----- DATA RECORDS
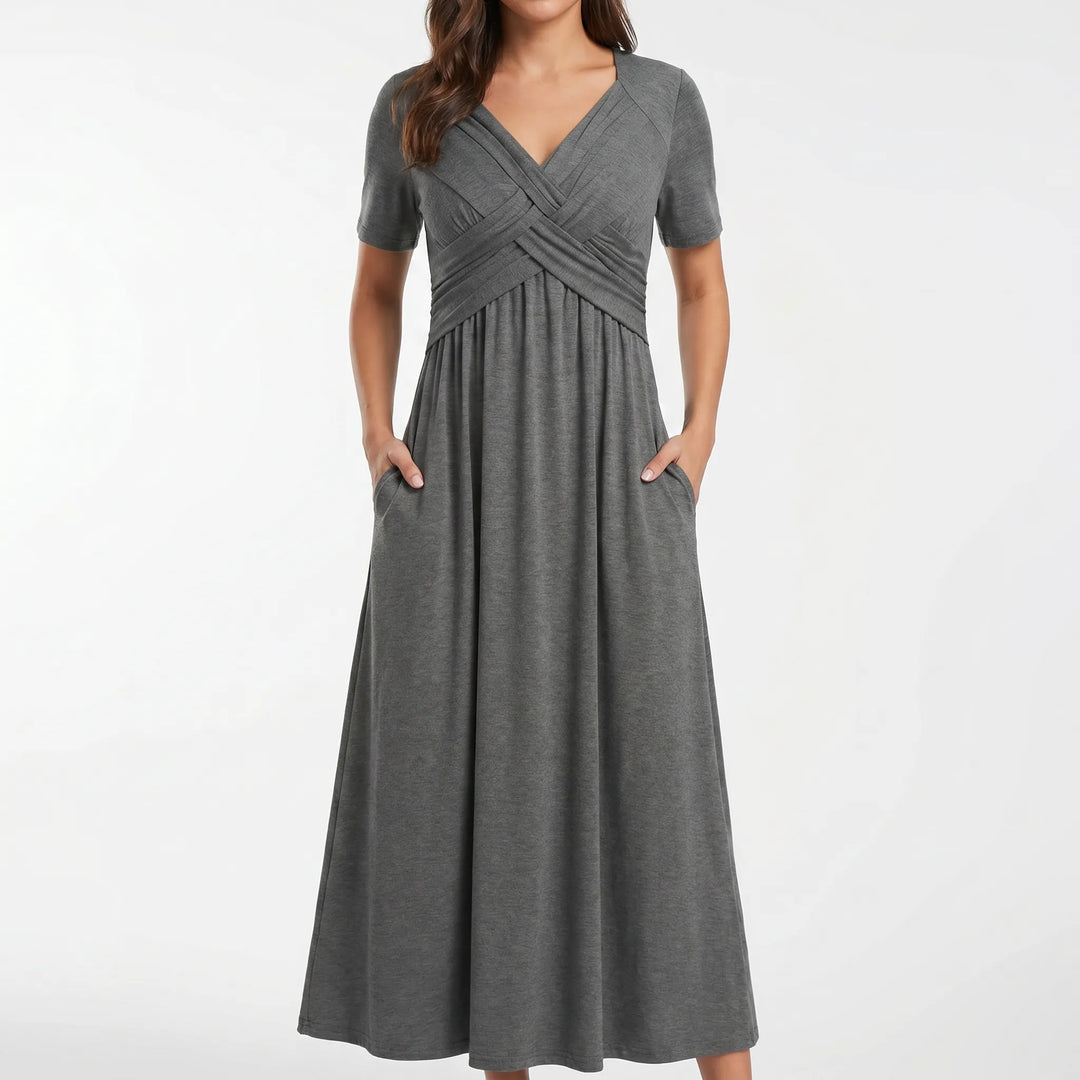 AuraDress - Short Sleeve Midi Dress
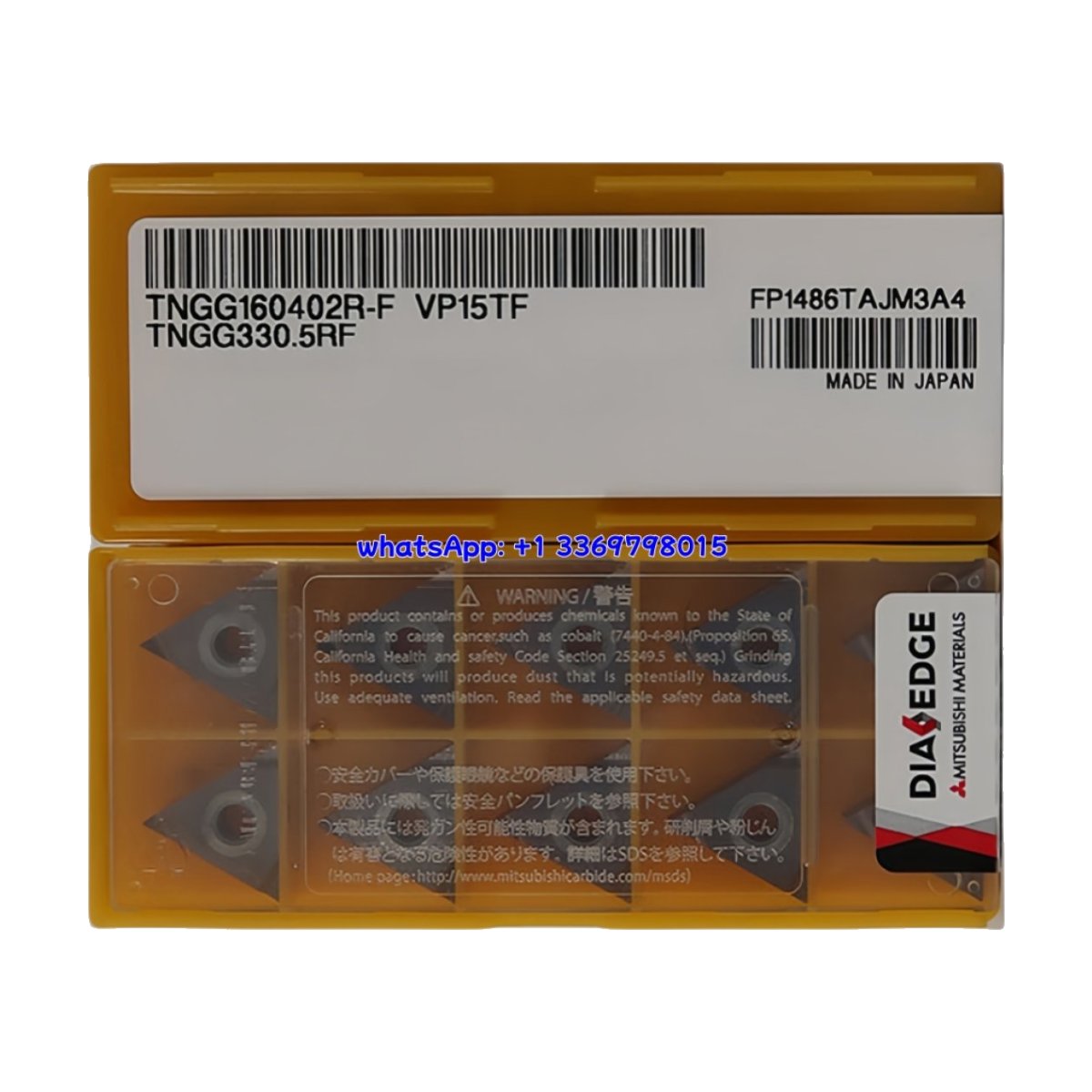 Original Mitsubishi TNGG160402R-F VP15TF Carbide Insert - Triangle | Steel, Stainless Steel (10 PCS)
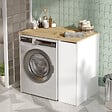 HABITAT ET JARDIN - Meuble de salle de bain pour lave-linge en bois "SA1" - 93 x 60 x 88 cm - Blanc - vignette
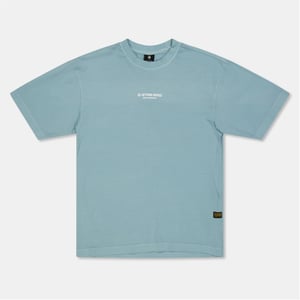 Boys G Star Oversize Lettering Crew Neck Short Sleeve T-Shirt in Siali Blue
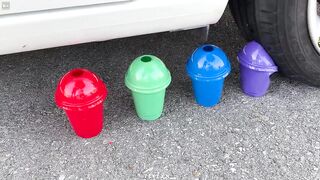 Experiment Car vs Colored Plastic Cups | Crushing crunchy & soft things by car | Test Ex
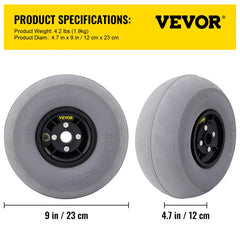 Beach Balloon Wheels, 9" Replacement Sand Tires, PVC Cart Tires for Kayak Dolly, Canoe Cart and Buggy w/Free Air Pump, 2-Pack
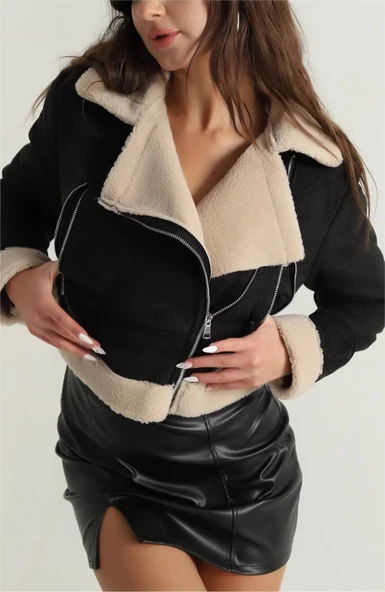 İçi kürklü dışı süet kısa kaban siyah t1186 - Resim 3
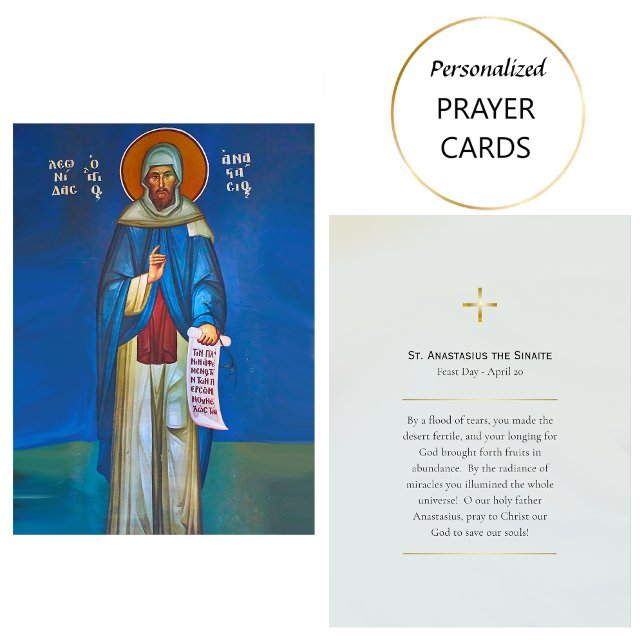 St. Anastasius: Sinaite Orthodox Prayer Card Placeringskort (Skapare uppladdad)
----------
WHAT IS REQUIRED: Return every entry above word for word, and include no images.

RESPONSE FOR THIS EXERCISE:
 AuraDress - Short Sleeve Midi Dress
 Original Mitsubishi TNGG160402R-F VP15TF Carbide Insert - Triangle | Steel, Stainless Steel (10 PCS)
 HABITAT ET JARDIN - Meuble de salle de bain pour lave-linge en bois "SA1" - 93 x 60 x 88 cm - Blanc - vignette
 Boys G Star Oversize Lettering Crew Neck Short Sleeve T-Shirt in Siali Blue
 Experiment Car vs Colored Plastic Cups | Crushing crunchy & soft things by car | Test Ex
 Beach Balloon Wheels, 9" Replacement Sand Tires, PVC Cart Tires for Kayak Dolly, Canoe Cart and Buggy w/Free Air Pump, 2-Pack
 İçi kürklü dışı süet kısa kaban siyah t1186 - Resim 3
 St. Anastasius: Sinaite Orthodox Prayer Card Placeringskort (Skapare uppladdad)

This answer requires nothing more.